[Dataset content — start]

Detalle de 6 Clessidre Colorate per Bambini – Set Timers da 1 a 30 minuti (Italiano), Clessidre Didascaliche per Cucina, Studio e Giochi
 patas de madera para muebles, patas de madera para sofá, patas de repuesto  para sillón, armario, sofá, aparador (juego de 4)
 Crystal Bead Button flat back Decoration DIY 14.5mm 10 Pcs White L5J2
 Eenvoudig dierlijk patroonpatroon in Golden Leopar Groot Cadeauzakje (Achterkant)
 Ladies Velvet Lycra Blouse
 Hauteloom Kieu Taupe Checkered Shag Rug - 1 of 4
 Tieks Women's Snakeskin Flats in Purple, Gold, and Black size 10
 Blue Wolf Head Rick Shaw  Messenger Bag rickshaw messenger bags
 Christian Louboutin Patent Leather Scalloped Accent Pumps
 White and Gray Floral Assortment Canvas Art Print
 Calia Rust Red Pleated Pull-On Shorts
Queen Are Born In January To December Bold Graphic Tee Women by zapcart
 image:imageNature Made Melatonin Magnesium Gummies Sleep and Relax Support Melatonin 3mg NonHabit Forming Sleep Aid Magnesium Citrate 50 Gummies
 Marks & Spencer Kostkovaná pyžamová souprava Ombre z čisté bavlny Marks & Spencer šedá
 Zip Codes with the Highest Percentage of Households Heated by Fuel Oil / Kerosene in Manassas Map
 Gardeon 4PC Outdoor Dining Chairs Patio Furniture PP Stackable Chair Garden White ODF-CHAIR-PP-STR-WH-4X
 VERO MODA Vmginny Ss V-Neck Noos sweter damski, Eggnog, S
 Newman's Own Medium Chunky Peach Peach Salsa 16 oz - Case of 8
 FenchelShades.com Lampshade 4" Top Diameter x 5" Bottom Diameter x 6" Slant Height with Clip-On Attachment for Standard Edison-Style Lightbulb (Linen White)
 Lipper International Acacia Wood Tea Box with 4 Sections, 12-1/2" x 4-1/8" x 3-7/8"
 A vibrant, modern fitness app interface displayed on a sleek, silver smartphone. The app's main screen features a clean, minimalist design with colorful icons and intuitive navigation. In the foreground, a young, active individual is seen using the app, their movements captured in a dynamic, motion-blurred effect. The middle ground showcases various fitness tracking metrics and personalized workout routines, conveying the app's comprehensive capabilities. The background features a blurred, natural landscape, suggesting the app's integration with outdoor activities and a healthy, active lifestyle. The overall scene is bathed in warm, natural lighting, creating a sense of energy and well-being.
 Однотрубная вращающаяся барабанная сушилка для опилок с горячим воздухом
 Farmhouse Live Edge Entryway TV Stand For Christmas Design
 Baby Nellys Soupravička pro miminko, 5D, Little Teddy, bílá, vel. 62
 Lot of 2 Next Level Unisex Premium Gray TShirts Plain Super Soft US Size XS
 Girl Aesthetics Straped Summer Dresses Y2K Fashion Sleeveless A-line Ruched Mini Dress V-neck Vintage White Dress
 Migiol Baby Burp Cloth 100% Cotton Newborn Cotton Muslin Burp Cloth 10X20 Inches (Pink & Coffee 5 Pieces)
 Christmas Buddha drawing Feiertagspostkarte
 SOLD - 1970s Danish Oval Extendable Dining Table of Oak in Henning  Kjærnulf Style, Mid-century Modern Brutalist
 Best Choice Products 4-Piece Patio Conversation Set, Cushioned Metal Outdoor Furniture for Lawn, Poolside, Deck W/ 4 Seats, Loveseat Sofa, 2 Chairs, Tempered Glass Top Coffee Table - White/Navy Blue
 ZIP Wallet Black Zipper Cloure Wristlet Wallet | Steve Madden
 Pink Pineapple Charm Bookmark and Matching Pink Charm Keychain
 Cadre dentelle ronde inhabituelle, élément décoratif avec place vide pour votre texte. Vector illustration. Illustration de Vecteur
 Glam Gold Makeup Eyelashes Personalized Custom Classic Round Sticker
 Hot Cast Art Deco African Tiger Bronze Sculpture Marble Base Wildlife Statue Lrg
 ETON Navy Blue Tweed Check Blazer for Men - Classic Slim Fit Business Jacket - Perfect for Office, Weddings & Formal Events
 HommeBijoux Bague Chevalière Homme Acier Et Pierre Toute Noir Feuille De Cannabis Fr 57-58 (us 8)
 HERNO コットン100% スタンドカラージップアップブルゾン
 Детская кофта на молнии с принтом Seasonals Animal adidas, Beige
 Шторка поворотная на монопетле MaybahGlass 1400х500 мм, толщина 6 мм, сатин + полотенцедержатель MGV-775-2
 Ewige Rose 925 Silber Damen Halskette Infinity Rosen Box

[Dataset content — finish]

__Work instructions__.
The answer must be every line from the records above that contains the word "Table", copied out.

__Response__.
 SOLD - 1970s Danish Oval Extendable Dining Table of Oak in Henning  Kjærnulf Style, Mid-century Modern Brutalist
 Best Choice Products 4-Piece Patio Conversation Set, Cushioned Metal Outdoor Furniture for Lawn, Poolside, Deck W/ 4 Seats, Loveseat Sofa, 2 Chairs, Tempered Glass Top Coffee Table - White/Navy Blue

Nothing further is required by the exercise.